• **Assigned task**
If a line in the records below contains the word "Hand", copy it out.

= = = =

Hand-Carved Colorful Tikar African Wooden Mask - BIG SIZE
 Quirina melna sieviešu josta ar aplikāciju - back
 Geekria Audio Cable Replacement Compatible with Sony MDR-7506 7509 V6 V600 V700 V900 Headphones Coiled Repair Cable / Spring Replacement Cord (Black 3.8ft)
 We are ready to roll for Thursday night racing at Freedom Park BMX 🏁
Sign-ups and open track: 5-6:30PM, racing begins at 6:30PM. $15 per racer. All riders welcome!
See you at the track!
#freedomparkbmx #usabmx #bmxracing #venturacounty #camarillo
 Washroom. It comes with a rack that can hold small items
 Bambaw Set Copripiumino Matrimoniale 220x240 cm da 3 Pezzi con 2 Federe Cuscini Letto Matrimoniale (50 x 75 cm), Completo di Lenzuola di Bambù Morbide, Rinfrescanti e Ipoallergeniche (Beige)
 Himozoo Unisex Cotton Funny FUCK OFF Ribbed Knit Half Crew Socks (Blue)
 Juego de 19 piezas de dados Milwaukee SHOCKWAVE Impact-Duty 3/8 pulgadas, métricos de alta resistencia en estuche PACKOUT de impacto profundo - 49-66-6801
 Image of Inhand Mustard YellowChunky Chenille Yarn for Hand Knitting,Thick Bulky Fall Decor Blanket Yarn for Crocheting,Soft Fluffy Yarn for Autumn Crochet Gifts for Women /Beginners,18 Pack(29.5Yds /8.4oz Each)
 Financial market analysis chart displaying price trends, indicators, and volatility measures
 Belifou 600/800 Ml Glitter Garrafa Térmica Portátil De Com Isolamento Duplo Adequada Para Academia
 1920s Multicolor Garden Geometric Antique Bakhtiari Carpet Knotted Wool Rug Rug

= = = =

• **Answer space**
Hand-Carved Colorful Tikar African Wooden Mask - BIG SIZE
 Image of Inhand Mustard YellowChunky Chenille Yarn for Hand Knitting,Thick Bulky Fall Decor Blanket Yarn for Crocheting,Soft Fluffy Yarn for Autumn Crochet Gifts for Women /Beginners,18 Pack(29.5Yds /8.4oz Each)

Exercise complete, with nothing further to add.